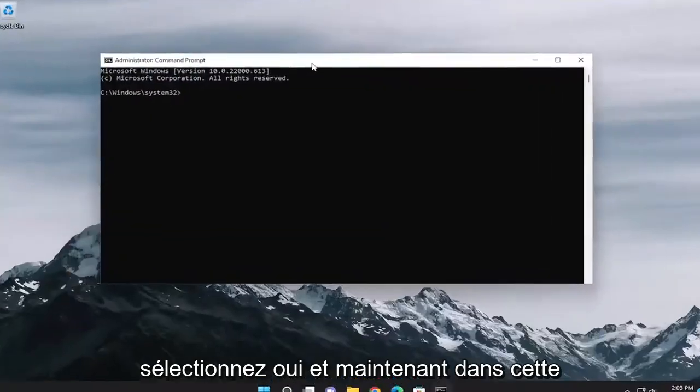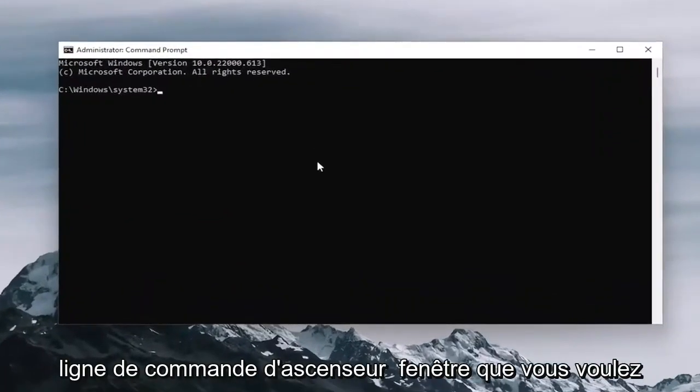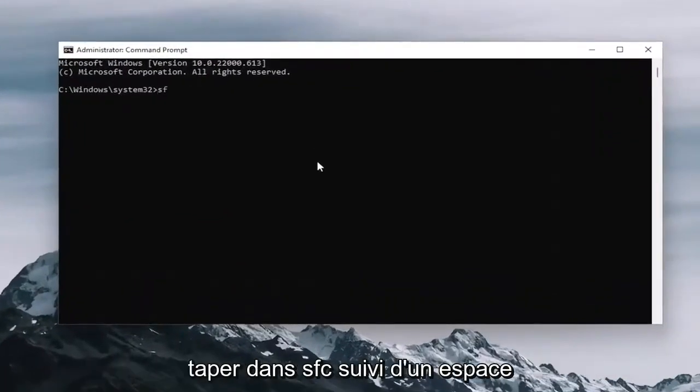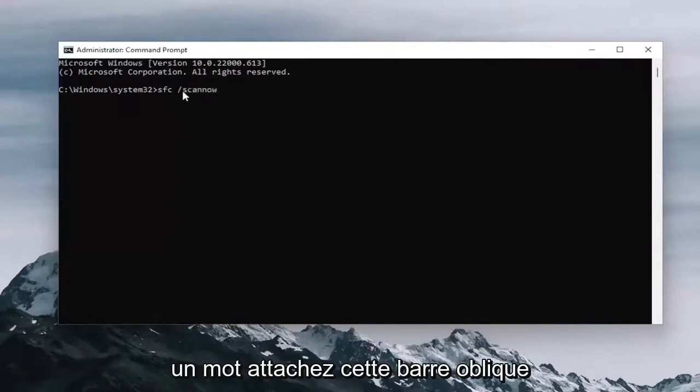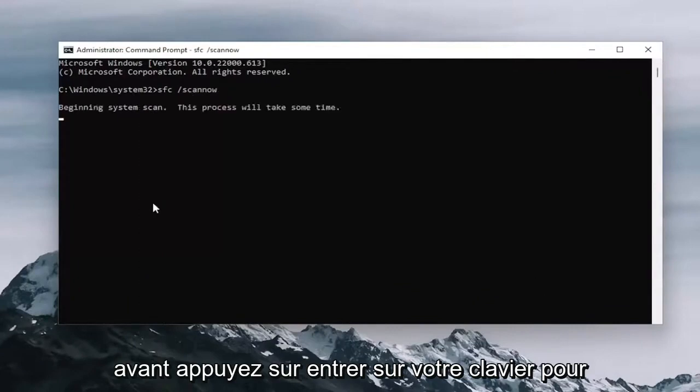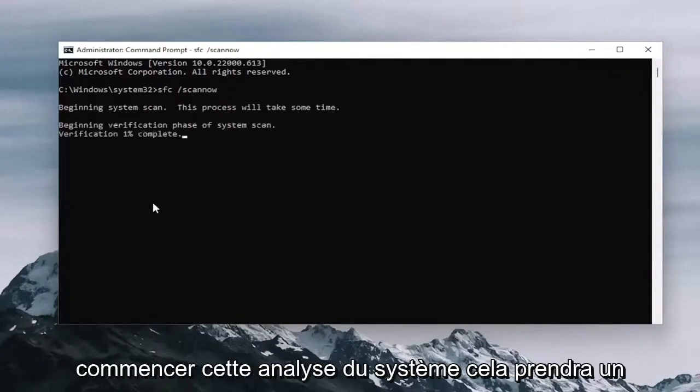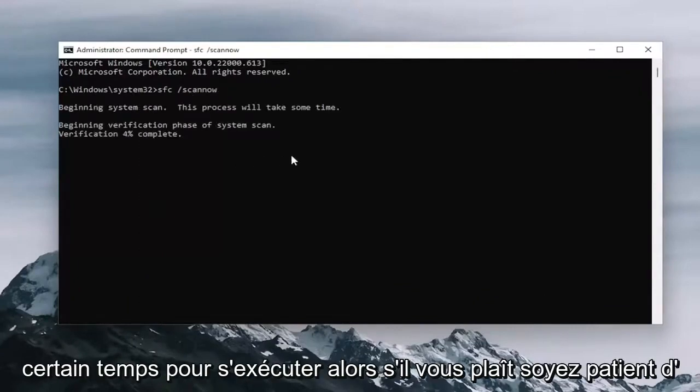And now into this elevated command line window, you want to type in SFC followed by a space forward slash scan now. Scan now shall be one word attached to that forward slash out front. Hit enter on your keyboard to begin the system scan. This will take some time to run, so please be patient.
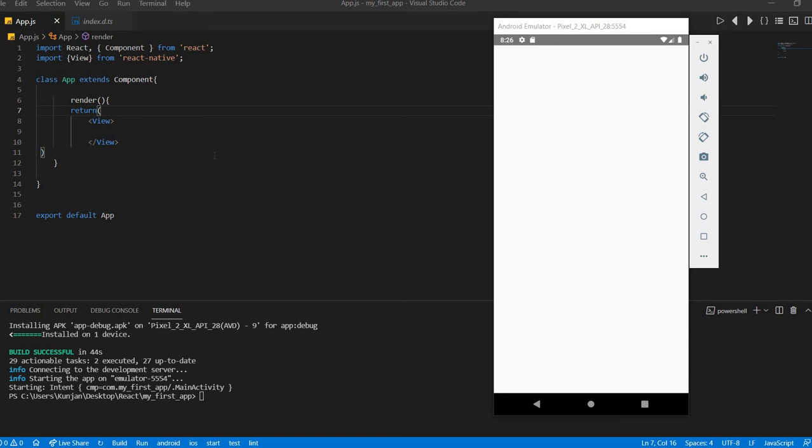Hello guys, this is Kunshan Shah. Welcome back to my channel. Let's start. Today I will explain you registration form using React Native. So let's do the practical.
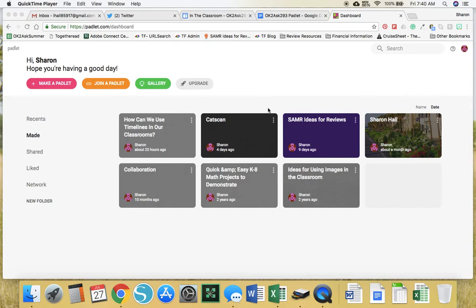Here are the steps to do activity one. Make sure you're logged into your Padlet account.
--
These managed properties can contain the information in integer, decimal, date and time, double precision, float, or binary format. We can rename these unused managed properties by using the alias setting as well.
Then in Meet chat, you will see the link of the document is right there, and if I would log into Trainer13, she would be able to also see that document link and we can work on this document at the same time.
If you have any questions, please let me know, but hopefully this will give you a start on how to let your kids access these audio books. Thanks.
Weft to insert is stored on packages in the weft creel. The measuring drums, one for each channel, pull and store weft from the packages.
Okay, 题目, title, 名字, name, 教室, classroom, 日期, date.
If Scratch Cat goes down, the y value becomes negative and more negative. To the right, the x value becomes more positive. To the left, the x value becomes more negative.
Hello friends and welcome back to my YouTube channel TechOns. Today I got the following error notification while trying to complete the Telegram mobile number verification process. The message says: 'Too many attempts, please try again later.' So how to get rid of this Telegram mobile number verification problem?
---
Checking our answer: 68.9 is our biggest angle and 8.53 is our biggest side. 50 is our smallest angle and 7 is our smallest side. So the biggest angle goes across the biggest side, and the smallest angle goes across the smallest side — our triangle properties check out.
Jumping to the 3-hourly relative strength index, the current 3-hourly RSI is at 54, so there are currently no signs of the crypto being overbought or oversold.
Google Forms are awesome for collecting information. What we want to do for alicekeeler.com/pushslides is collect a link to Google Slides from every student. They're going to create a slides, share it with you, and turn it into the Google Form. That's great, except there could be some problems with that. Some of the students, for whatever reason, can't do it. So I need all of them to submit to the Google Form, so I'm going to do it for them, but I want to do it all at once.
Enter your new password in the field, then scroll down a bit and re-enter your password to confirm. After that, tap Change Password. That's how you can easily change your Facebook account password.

▸ **WHAT YOU ARE ASKED TO DO**: Using the listing above, copy exactly the line that contains "Google Forms are", the line that contains "Enter your new", and each line that falls between them.

▸ **ANSWER AREA**:
Google Forms are awesome for collecting information. What we want to do for alicekeeler.com/pushslides is collect a link to Google Slides from every student. They're going to create a slides, share it with you, and turn it into the Google Form. That's great, except there could be some problems with that. Some of the students, for whatever reason, can't do it. So I need all of them to submit to the Google Form, so I'm going to do it for them, but I want to do it all at once.
Enter your new password in the field, then scroll down a bit and re-enter your password to confirm. After that, tap Change Password. That's how you can easily change your Facebook account password.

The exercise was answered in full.